_EXERCISE AIM_
Please retype the records below exactly, leaving out any pictures.

____ PROVIDED MATERIAL

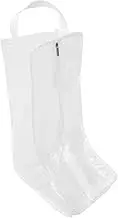 TOYZFRIENDY Transparent Boots Storage Organizer Reusable Zippered Pouch for Dust Protection for Boots Like Riding and for Convenient Home Travel Use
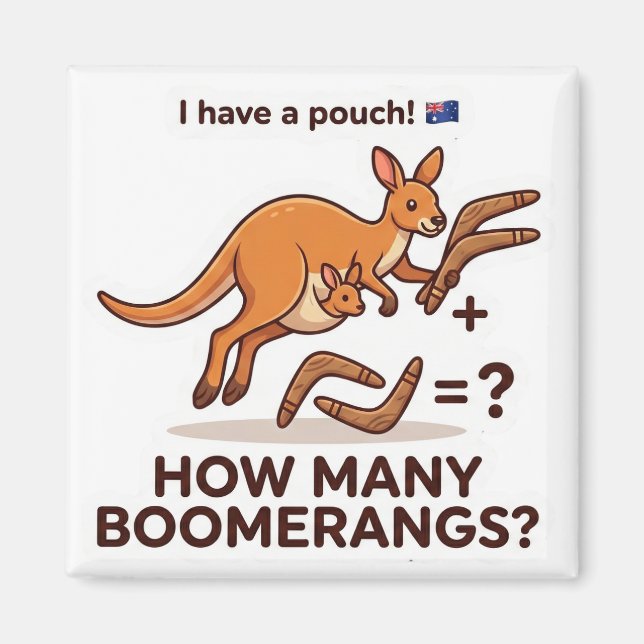 How Many Boomerangs? Kangaroo Math Game Magnet (Framsidan)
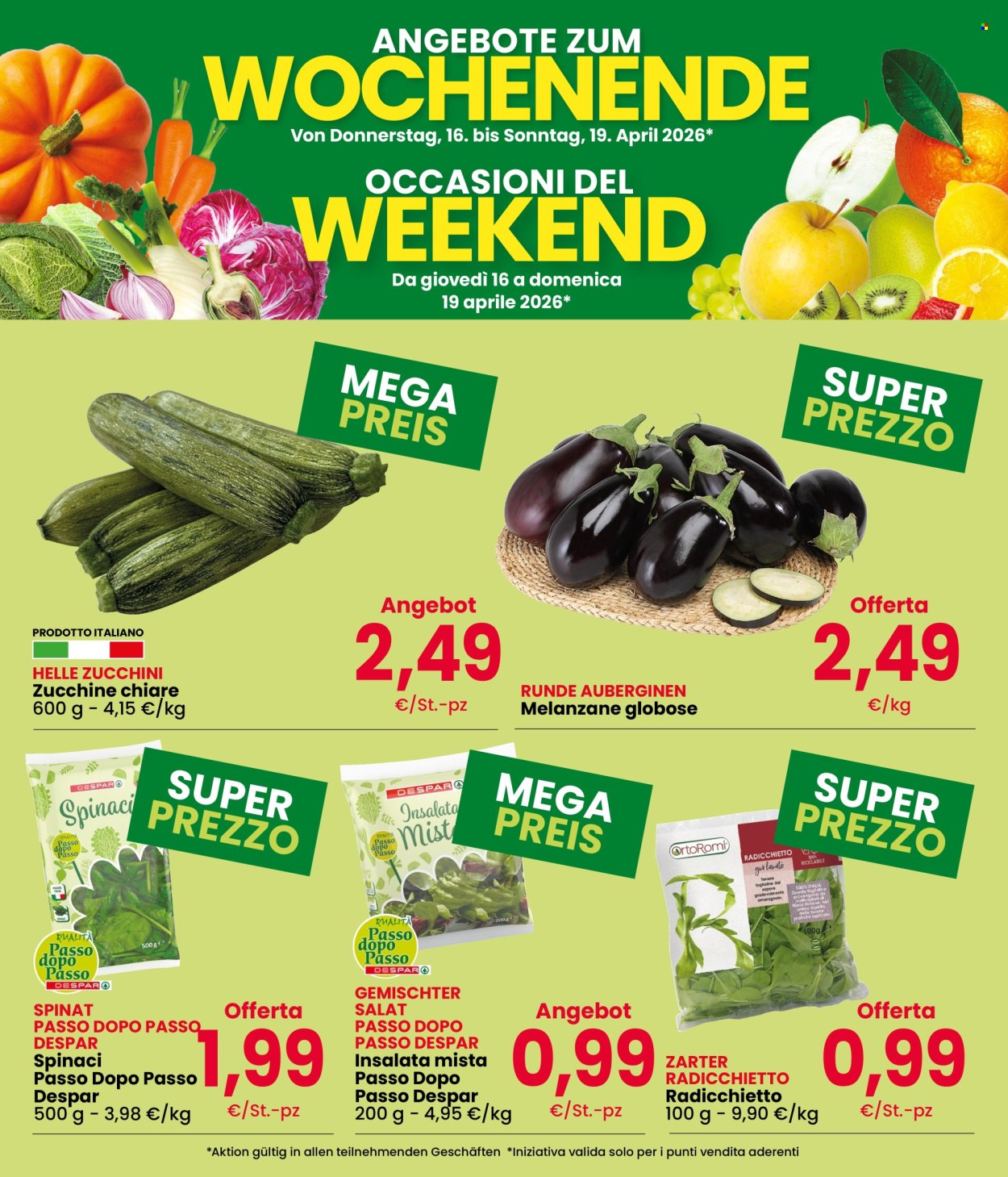 Volantino Eurospar - 16/4/2026 - 19/4/2026. Pagina 3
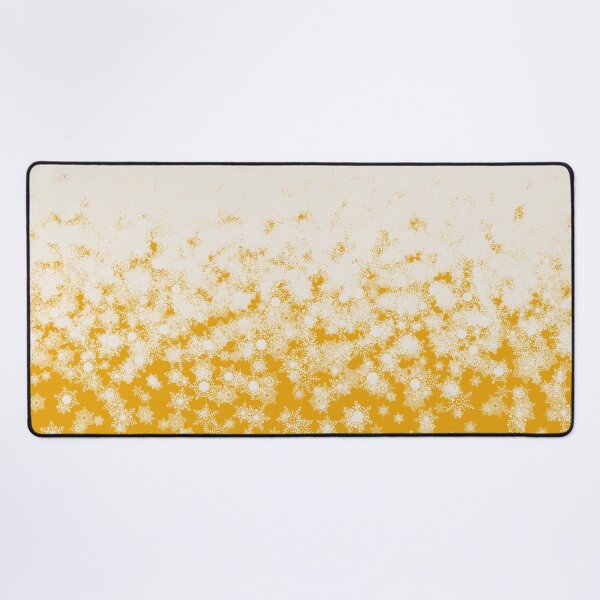 Item preview, Blizzard - Snowy snowflakes on a yellow background designed and sold by illustratious.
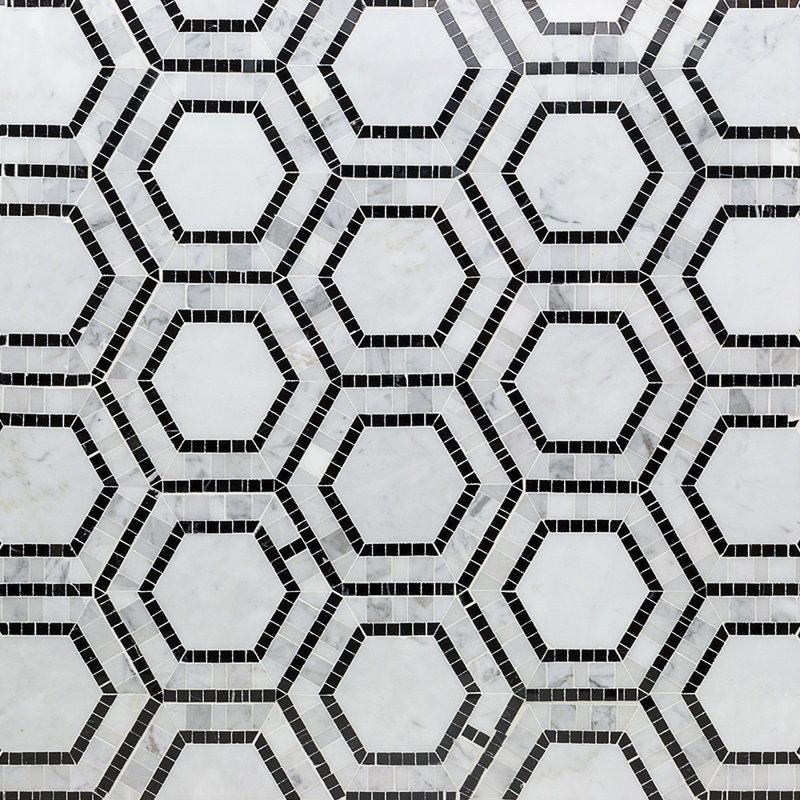 Carreau de mosaïque Bond, Carrare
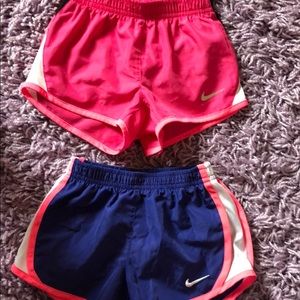 Nike Tempo toddler girls shorts size 2-3 (2 pair)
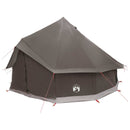 vidaXL Cort Tipi culoare maro gri 300 x 300 x 200 cm poliester si otel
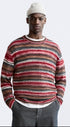 ZARA STRIPED JACQUARD SWEATER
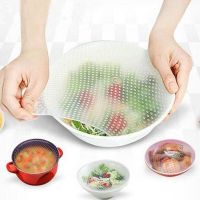 Reusable Silicone Plastic Wrap Seal Vacuum Food Fresh Magic Wrap Kitchen Gadget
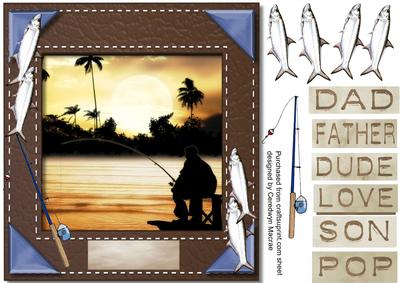 Fishing at Sunset 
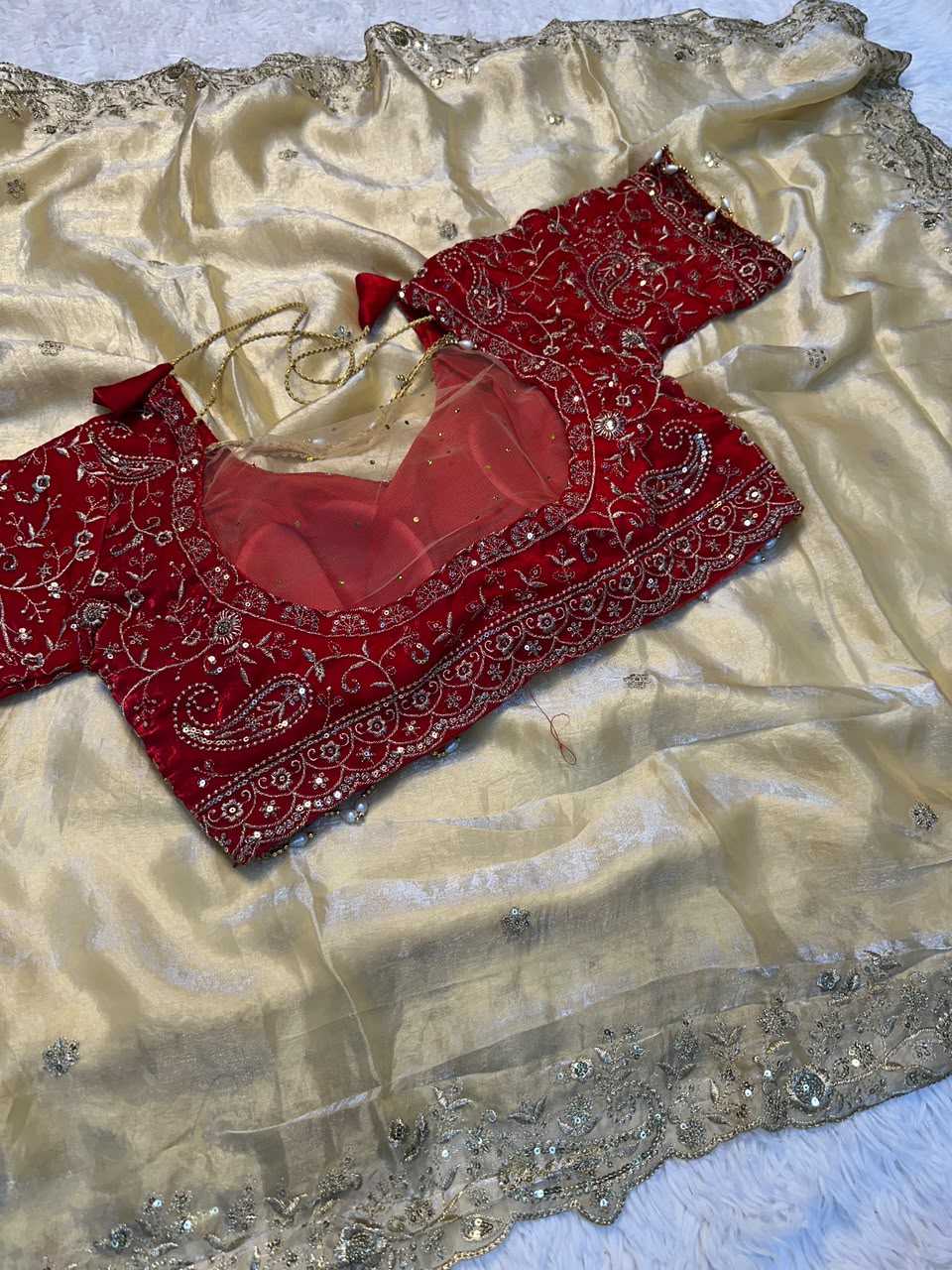 YNF Wholesale Satin Sequence Sarees  | Surat Manufacturer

________

_EXERCISE RESULT_
 TOYZFRIENDY Transparent Boots Storage Organizer Reusable Zippered Pouch for Dust Protection for Boots Like Riding and for Convenient Home Travel Use
 How Many Boomerangs? Kangaroo Math Game Magnet (Framsidan)
 Volantino Eurospar - 16/4/2026 - 19/4/2026. Pagina 3
 Item preview, Blizzard - Snowy snowflakes on a yellow background designed and sold by illustratious.
 Carreau de mosaïque Bond, Carrare
 Nike Tempo toddler girls shorts size 2-3 (2 pair)
 vidaXL Cort Tipi culoare maro gri 300 x 300 x 200 cm poliester si otel
 ZARA STRIPED JACQUARD SWEATER
 Reusable Silicone Plastic Wrap Seal Vacuum Food Fresh Magic Wrap Kitchen Gadget
 Fishing at Sunset 
 YNF Wholesale Satin Sequence Sarees  | Surat Manufacturer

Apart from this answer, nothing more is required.